Governors have suffered a setback after the National Treasury reaffirmed its plan to roll out an integrated revenue collection system for counties.
Treasury CS John Mbadi maintained that the new platform, which will replace the systems in use across counties, is ready for implementation.
“We are rolling out an integrated county revenue management system. It is going to replace this fragmented county revenue management framework,” Mbadi said.
Through their umbrella body, the Council of Governors, county chiefs have opposed what they see as an attempt by the national government to dictate the systems they should use.
In 2023, they rejected a Bill requiring counties to develop revenue collection systems in collaboration with the Kenya Revenue Authority.
“A significant number of counties are already implementing revenue collection systems that ought to be recognised by law, as public resources have been used to develop them,” the CoG said at the time.
During a session with the Senate County Public Accounts Committee on Thursday, Mbadi argued that it was illogical for the country to operate so many separate systems.

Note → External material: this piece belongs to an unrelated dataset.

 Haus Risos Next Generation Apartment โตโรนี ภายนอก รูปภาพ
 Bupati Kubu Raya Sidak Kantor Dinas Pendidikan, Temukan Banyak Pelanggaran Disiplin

“We cannot have 47 or 48 systems in a country dealing with revenue collection. We should have at most two or three,” he said.

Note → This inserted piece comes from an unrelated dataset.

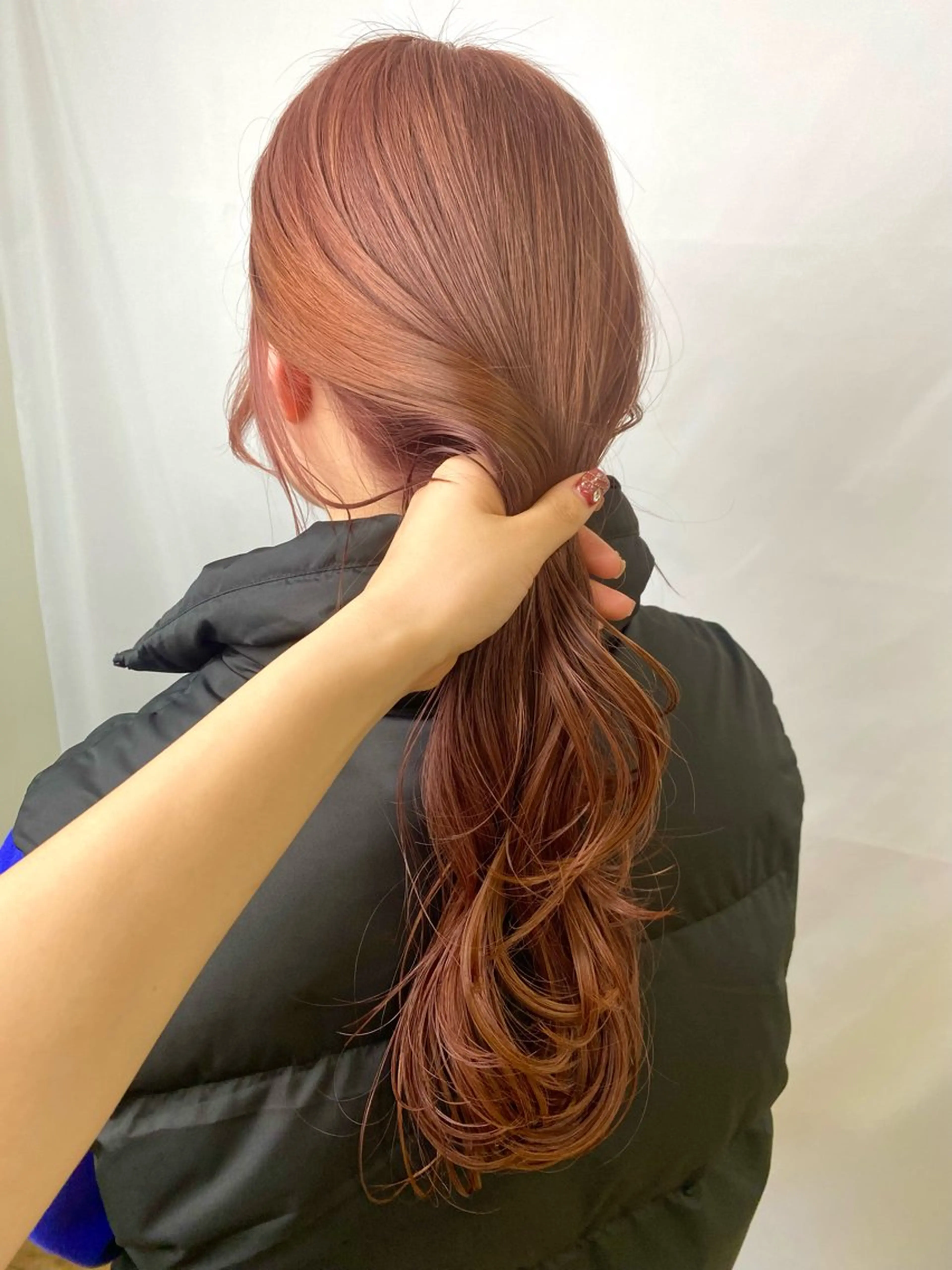 ロング カラー ベージュカラー ピンクカラー ピンクベージュ ヘアカラー トリートメント 鹿児島 聖来のヘアスタイル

The ministry had held extensive consultations with stakeholders, including governors, to pave the way for the rollout.
“We have discussed this at the Intergovernmental Budget and Economic Council. Though there has been pushback from governors, as expected, I think we are getting to a point of clarity. There was just a misunderstanding,” Mbadi noted.
Counties operate disjointed systems, with some contracting financial technology firms to automate and collect revenue on their behalf.

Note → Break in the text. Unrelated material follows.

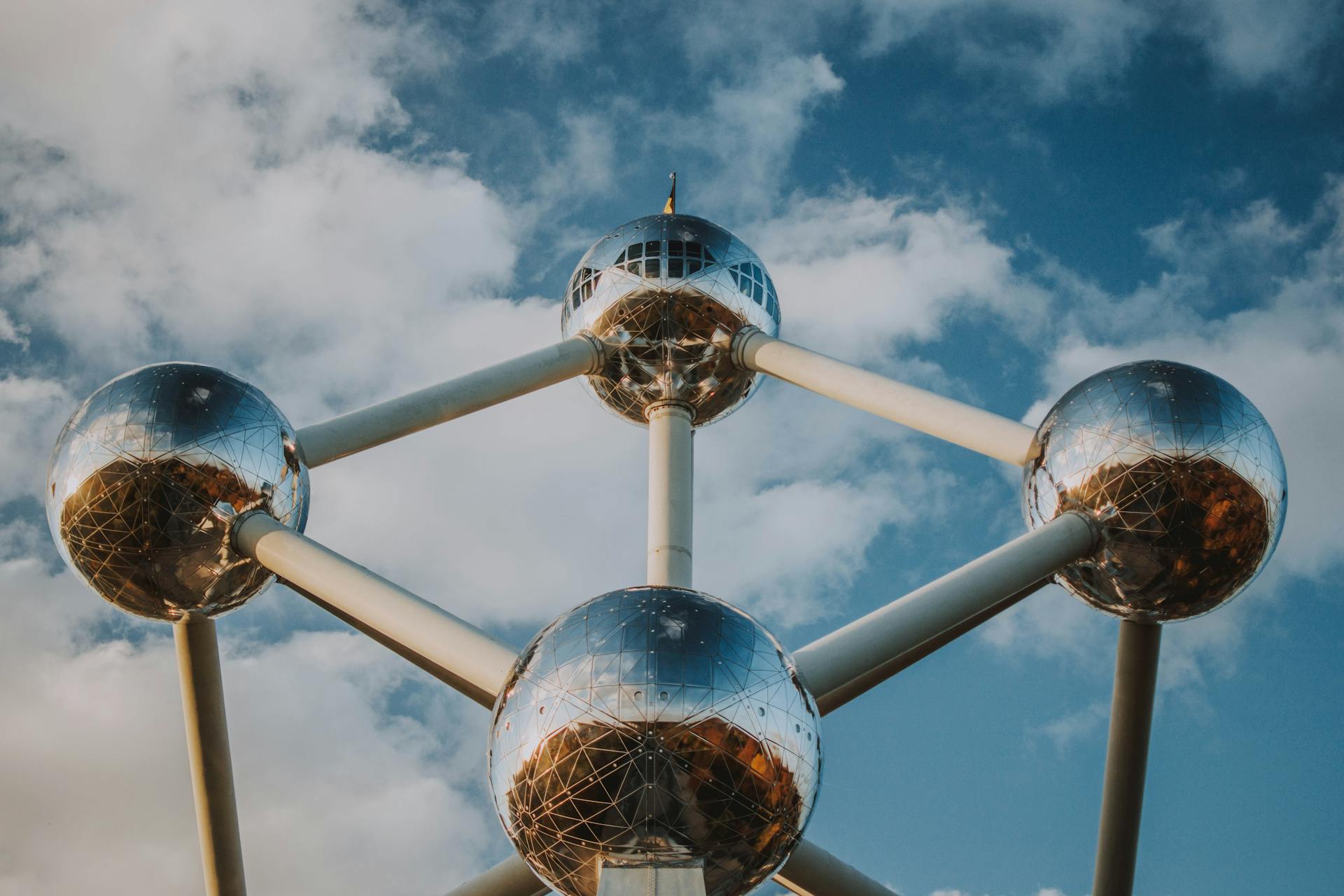 Atomium, photo par lilartsy / pexels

These contracts often cost millions of shillings in procurement fees, plus commissions on every shilling collected.
Last year, KRA commissioner general Humphrey Wattanga told senators that the lack of standardised revenue administration and collection processes—due to the use of different vendors—was hurting county revenues.
He warned that procurement of these systems also presents challenges such as unclear technical requirements and vendor-driven contracting processes.
“Additionally, vendors usually charge a percentage of revenue collected, which in some cases is unreasonably high,” Wattanga said.
Some counties have yet to automate revenue collection and continue to rely on manual systems, many of them outdated and inherited from defunct local authorities, such as the Local Authority Integrated Financial Operations Management System.
In 2024, senators pushed Auditor General Nancy Gathungu to audit all external revenue collection firms contracted by counties, amid concerns over the accuracy of declared figures. Lawmakers warned that the lack of oversight had created loopholes through which companies could siphon billions from devolved units.
Gathungu said counties were losing significant amounts of revenue due to the contracting of questionable firms, some of which existed only on paper.
She reminded senators that while the law empowers the National Treasury to prescribe revenue collection systems for counties, governors had often engaged vendors without due diligence—agreeing to widely varying commission rates.
“The rates should be standardised so that the commission charged does not vary from one county to another. The lack of uniformity is a major reason counties are losing a lot of revenue,” she said.
Instant Analysis
The Kenya Revenue Authority is rooting for the deployment of an integrated county revenue management system to seal leakages costing the counties billions of shillings. KRA commissioner general Humphrey Wattanga told the Senate ICT committee how the devolved units are losing revenue. Currently, counties use disjointed systems, with some contracting financial technology firms to automate and collect revenue on their behalf.